The only thing some African-American comedians, athletes, and hip-hop artists need to complete the minstrel picture is blackface, with bright red lips and white circles around the eyes.
Filmmaker Spike Lee could have ripped those athletes and artists to shreds, stripped them of all pretense, shamed them to the core of their miserable souls, in his new movie Bamboozled. All he had to do was juxtapose their antics today against the minstrel acts of the past. The correspondence is dumfounding.
Lee's movie also could have raised profoundly disturbing questions about today's audiences. The old minstrel acts mostly featured whites in blackface making fun of African-Americans for the amusement of other whites. The handful of African-American comedians of that day spent the rest of their lives apologizing to their family and friends for the roles they played. Today's minstrels, though, are celebrated and applauded as much, if not more, by blacks than whites. When Chris Rock--his accent so thick you'd think he just got off the boat from Ebonics Land--cracks a joke about how black men habitually dog and disrespect their women, the camera cuts to a mostly black audience laughing and stomping their feet and giving each other high-fives, as if to say, "Ain't it the truth, honey chile!"
Unfortunately, Bamboozled cops out. Lee is arguably one of today's most courageous filmmakers. But not even he had the guts to call out his colleagues in the entertainment industry. The central, unequivocal point of Bamboozled is that minstrel shows were ugly and painful at the turn of the last century. Well, no duh. Lee tiptoes around everything else.

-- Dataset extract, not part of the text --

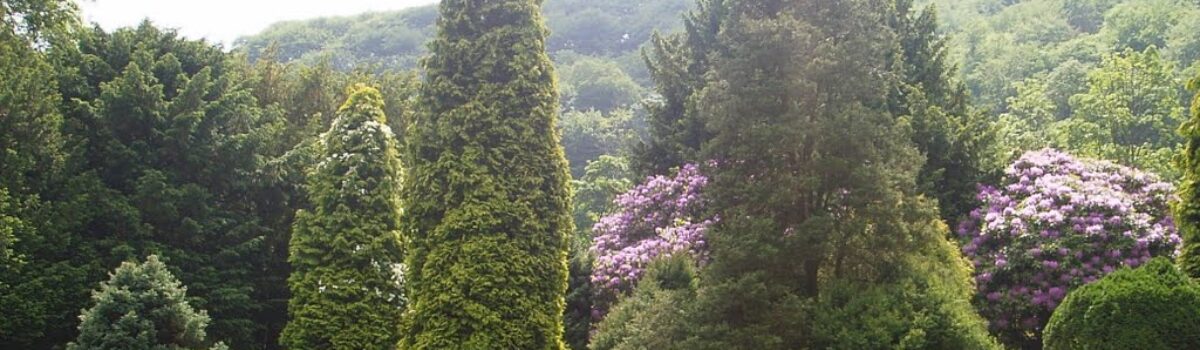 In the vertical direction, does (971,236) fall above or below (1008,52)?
below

Of course, I understand why he had to soften his message. One of the film's stars, Damon Wayans, got fat off of minstrel humor in the comedy variety show In Living Color. Another of his stars, Jada Pinkett-Smith, got her big break by playing the hands-on-hips, finger-wagging, sassy-tongued miss in a variety of movie roles. And Lee himself is making a financial killing with his concert film, The Original Kings of Comedy, featuring comedians whose language is so deeply rooted in profanity and street slang, and whose portrayal of their community is so low-down, that I wouldn't be surprised to learn that the Ku Klux Klan uses Kings of Comedy as a recruitment film.
Still, in interviews, Lee says he hopes Bamboozled will inspire audiences to think and discuss and reach their own conclusions.
Well, let's do that.
One question that comes to mind: How can we distinguish between general buffoonery and a deliberate, malicious attack on the race? For example, those football players dancing a jig in the end zone might well be shocked to see how closely their victory dance resembles that of field hands dancing in movies such as Gone with the Wind or Birth of a Nation. Could this be a simple coincidence? I don't think so. Here's a rule of thumb: If a man prances like a minstrel, he's probably got a minstrel mentality.
Another question is whether today's black actors and athletes are compelled to play the buffoon--and, if so, compelled by whom? Bamboozled suggests that in order to get ahead, creative black people are forced to produce the kind of material that white executives want. But getting ahead is not the same as struggling to survive. Getting ahead is about greed and self-aggrandizement. I have very little sympathy with that kind of "compulsion."
Finally, we might also ask why such offensive material is so popular with today's black audiences. Is it that we see more than an element of truth in such portrayals? Are minstrels of the new millennium keeping it real, as they like to boast? No, I think we embrace today's minstrels because they are familiar. Many of today's stars present the same, old racist images we grew up with. And, sadly, those images have surrounded us for so long that we've grown comfortable with them.